By 11 am hundreds of people had formed a line to enter the 1000-person occupancy Conference Center at the Holiday Inn. By 1 pm, the crowd of protesters had grown to several hundred people as well.
The two groups were separated by a kind of demilitarized zone set up by police using snow fences. From time to time, people exchanged insults and engaged each other in debate across the fence while down the street, a line of vendors sold pro-Trump buttons and t-shirts reading “Trump 2016: Finally Someone with Balls” and “Bomb the Hell Out of Isis.”
Leslie and David Bell traveled from Libertyville, Illinois to hear Trump speak.
Bell says Trump is the only person capable of addressing the country’s economic crisis, the root cause of which he believes is immigration and population growth.
“For every job there’s three people in line… and the new liberal Left wants to expand illegal immigration,” Bell said.
“People are just fed up with politics as usual, not just from liberals, but from establishment GOP. You have just as many open-border, cheap-labor Republicans like Jeb Bush and… Paul Ryan… and that’s Trump’s appeal.”
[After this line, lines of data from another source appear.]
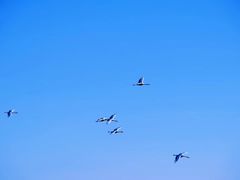 -盐城丹顶鹤湿地生态旅游区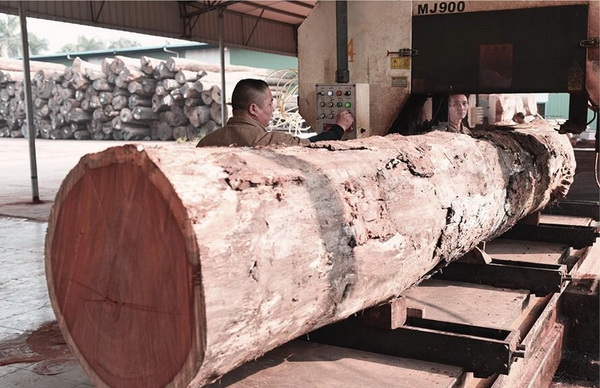 如何分辨缅甸花梨的家具的真假,缅甸花梨最简单鉴别方法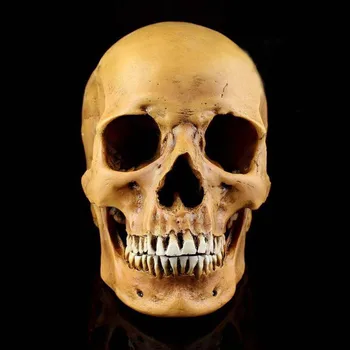 

Free Shipping Halloween Party Decoration Collective Resin Skeleton Medical Model Lifesize Realistic Human Skull Replica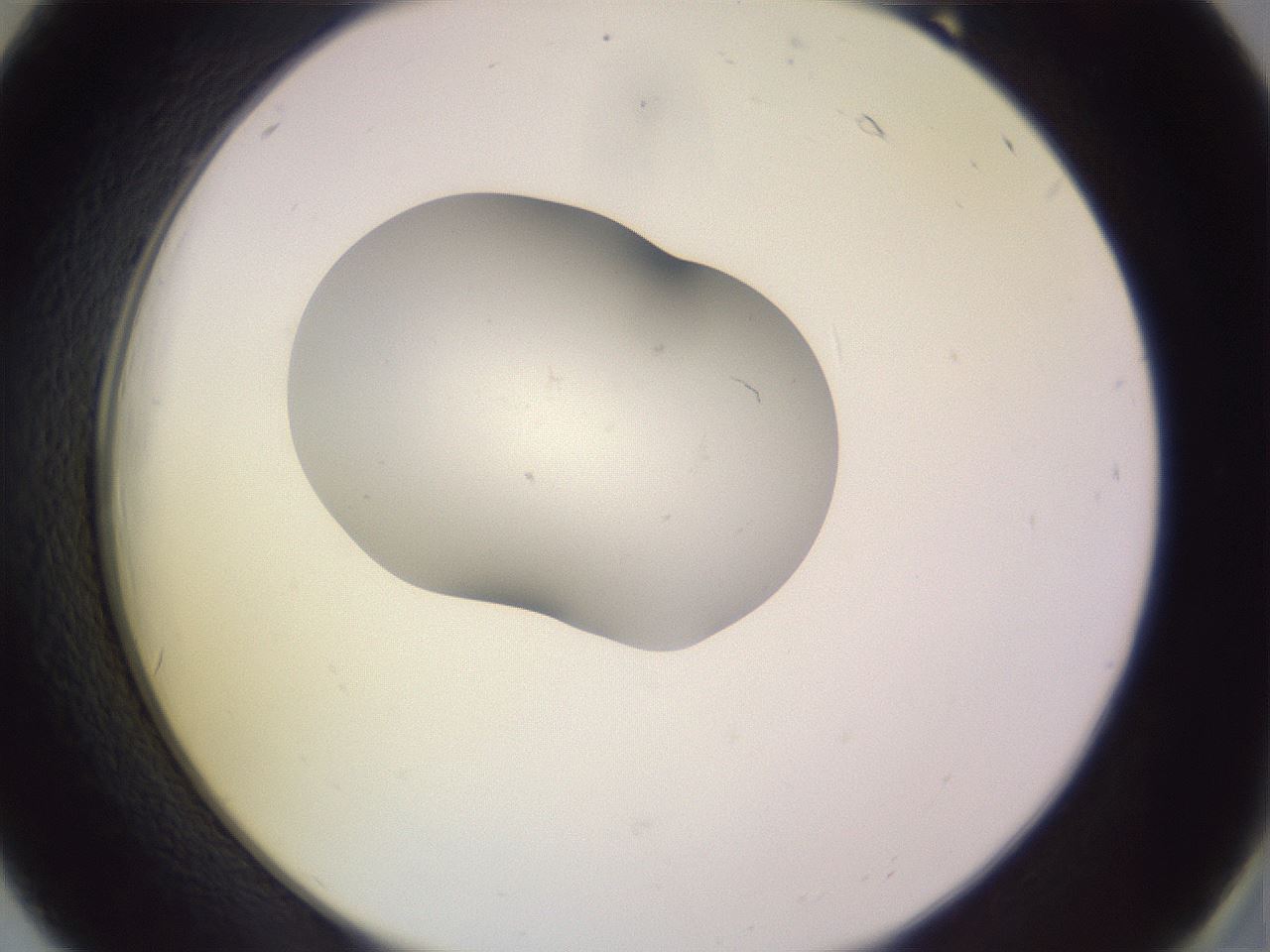 folderID250_plateID3250_batchID18277_wellNum18_profileID1_d2_r285414_ef.jpg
Leslie says the Democratic and Republican party establishments have left voters with no other choice but Trump.
“What’s the difference between the Democrats and the Republicans? What choice do we have? It’s Trump,” she said.
Many at today’s rally said they had tried to hear Trump speak in Chicago on March 11th, and were upset that massive protests on the University of Illinois-Chicago campus caused his campaign to cancel that event.
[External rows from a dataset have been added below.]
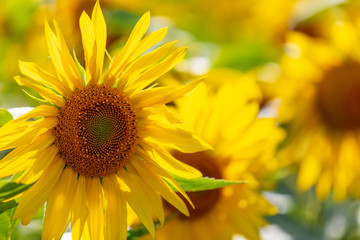Sunflowers grow in the field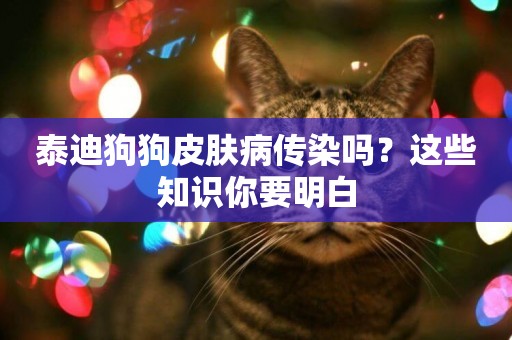 泰迪狗狗皮膚病傳染嗎？這些知識你要明白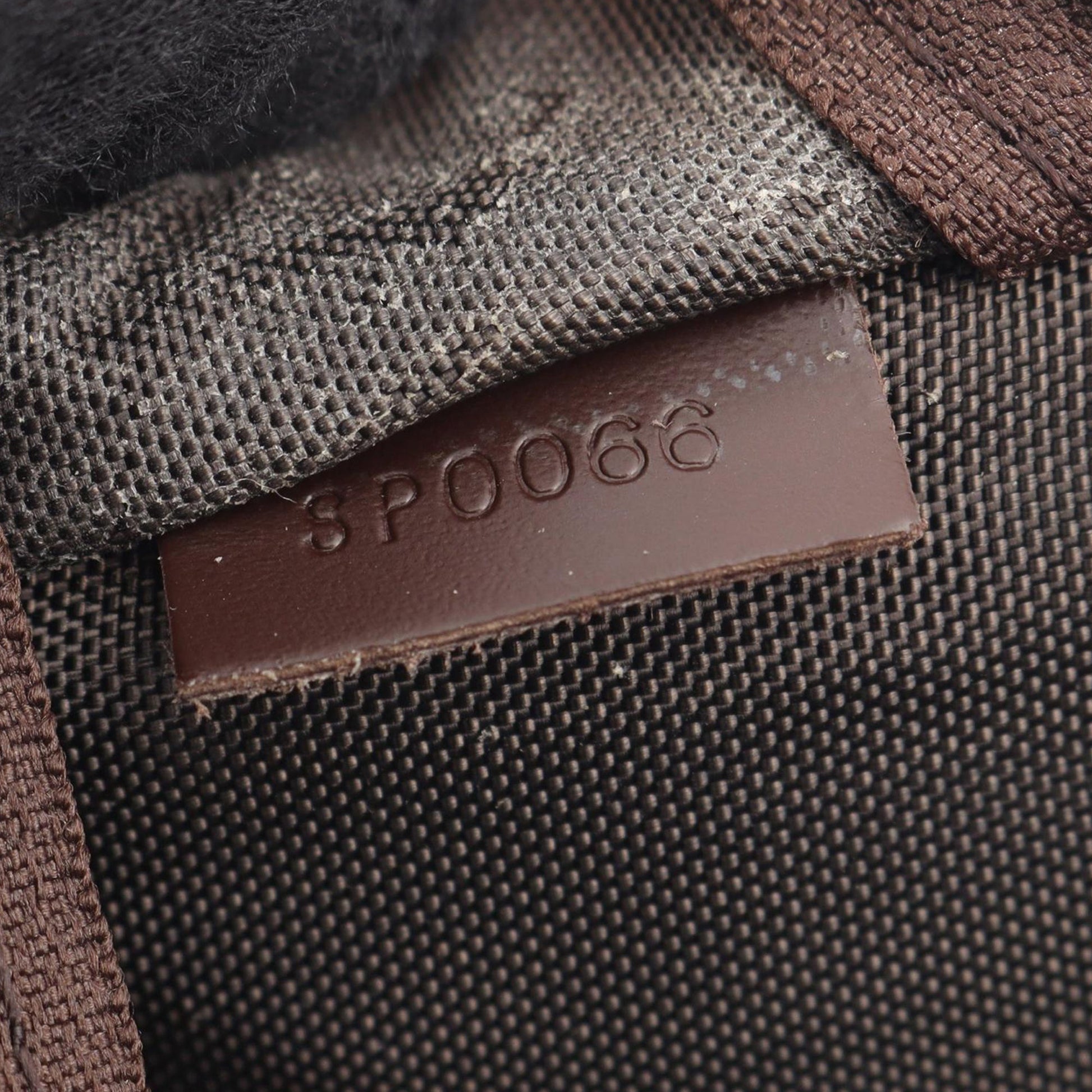 Louis Vuitton Damier Ebene Pegase 45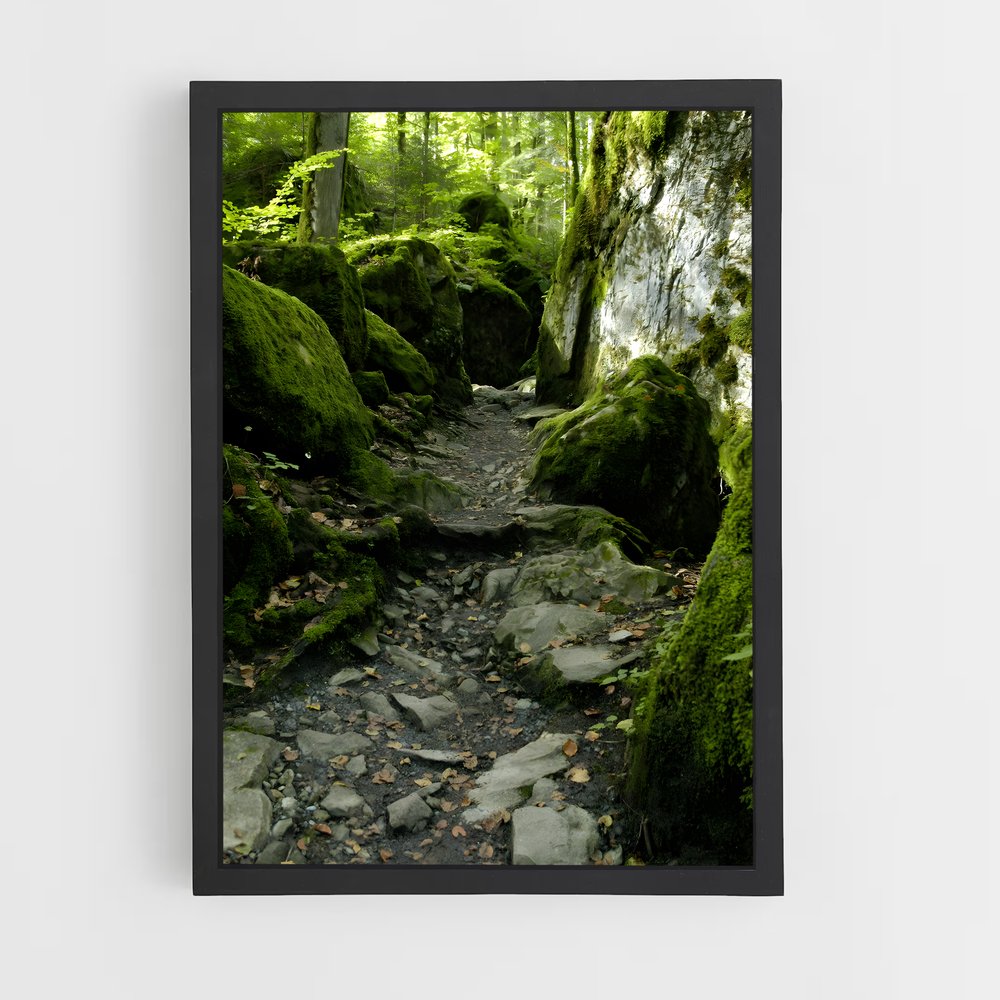 ap-forest moss-9 cadre Noir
Even among protesters, there is some disagreement about whether and when to embrace disruptive tactics.
Evan Miles, a student at Beloit College protesting Trump, says he defends the first amendment rights of Trump supporters. For him, the peaceful co-existence of today’s rally and counter-rally are the epitome of the democratic process.
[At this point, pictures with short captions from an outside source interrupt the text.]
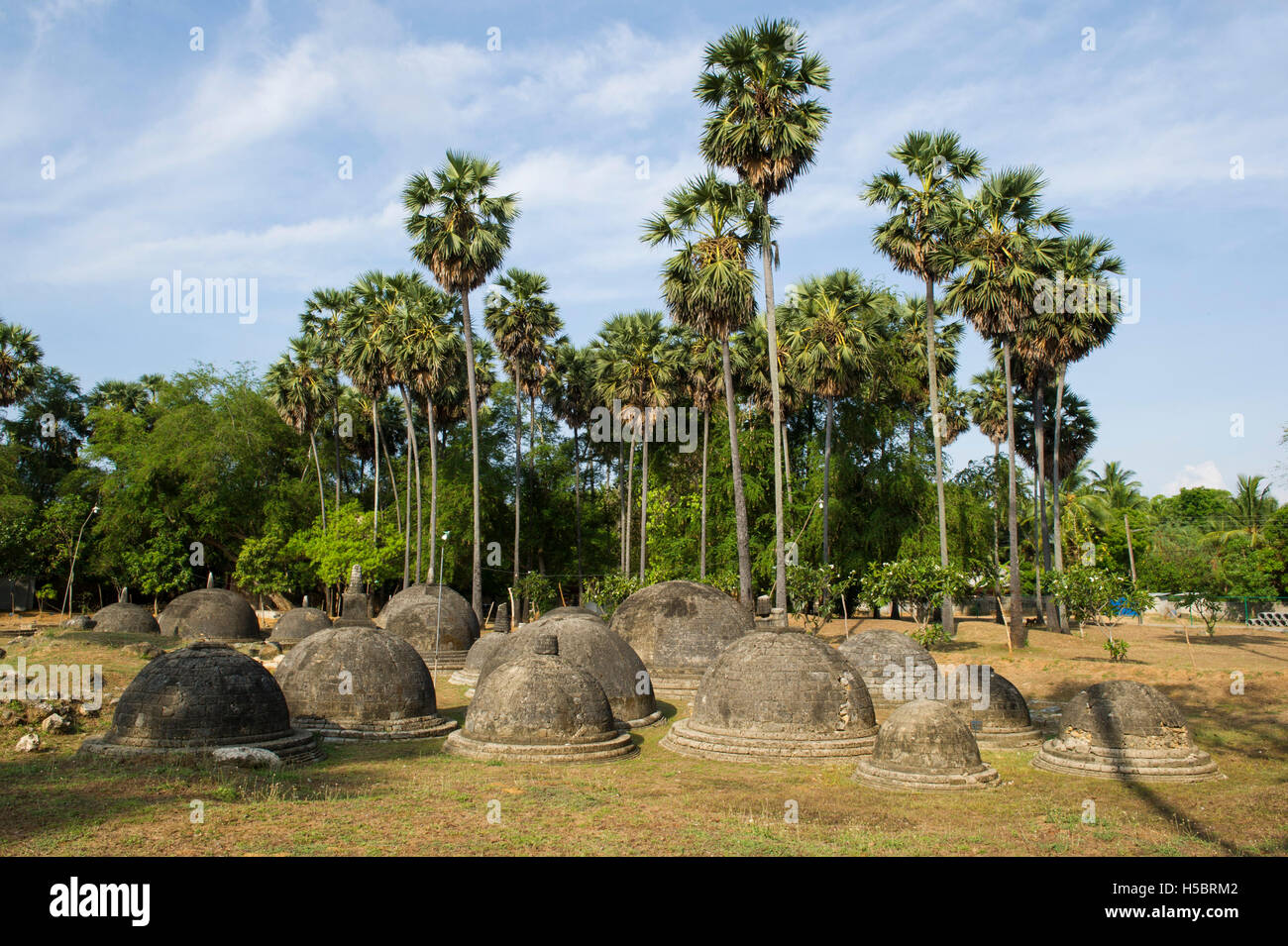 Groupe de petits stupas bouddhistes à un site archéologique de Kandarodai, ruines datant de la 9ème ANNONCE de siècle, Jaffna, Sri Lanka Banque D'Images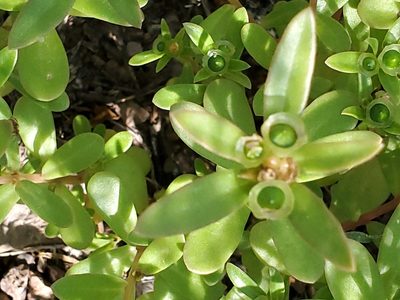 Portulaca umbraticola, photographed by Craig Martin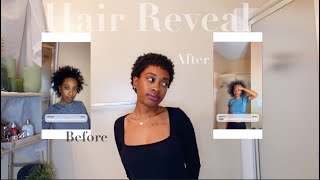 TWA Wash Day + Hair Reveal After My Big Chop!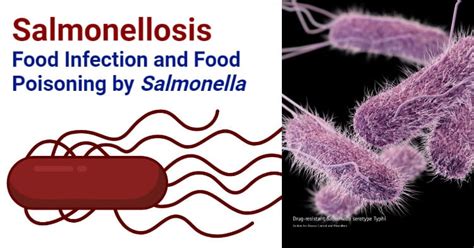 Salmonellosis- Food Infection and Food Poisoning by Salmonella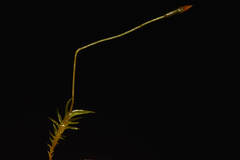 Tetraphis geniculata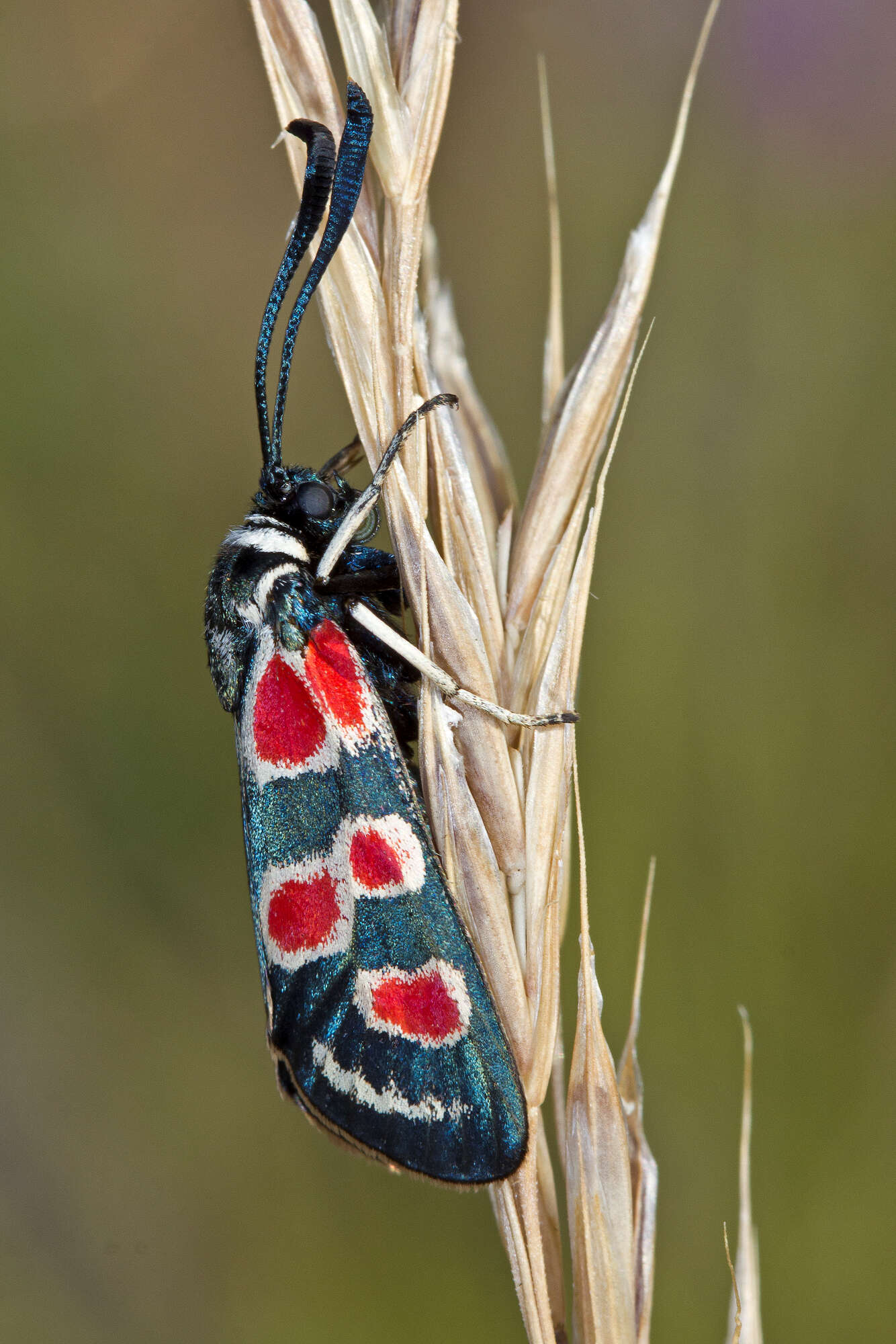 Plancia ëd Zygaena occitanica Villers 1789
“We are exercising our constitutional right so we can make sure that a man who we personally believe spreads hate and bigotry cannot become president,” Miles said, adding “but they are here because they believe this man can help and this is the epitome of the American election process, at its finest.”
Z! Haukeness has a much less rosy view of the political process unfolding in Janesville. They say that Trump’s rhetoric amounts to hate speech not protected by the First Amendment to the Constitution.
“The hate speech that he is using is promoting violence, and it’s very dangerous to the protesters who are going into the rallies, especially people of color,” Haukeness said.
“He’s saying, if you beat somebody up, I will pay for your legal fees. He’s ratcheting up that violence against people within his rallies and it’s spreading to people out in the community,” Haukeness said, citing a recent triple homicide of a Puerto Rican man and a Hmong couple in Milwaukee that many believe should be prosecuted as a hate crime.
Trump delivered his speech in Janesville Tuesday afternoon without incident. Afterwards, he headed to Milwaukee to participate in a GOP town hall hosted by CNN.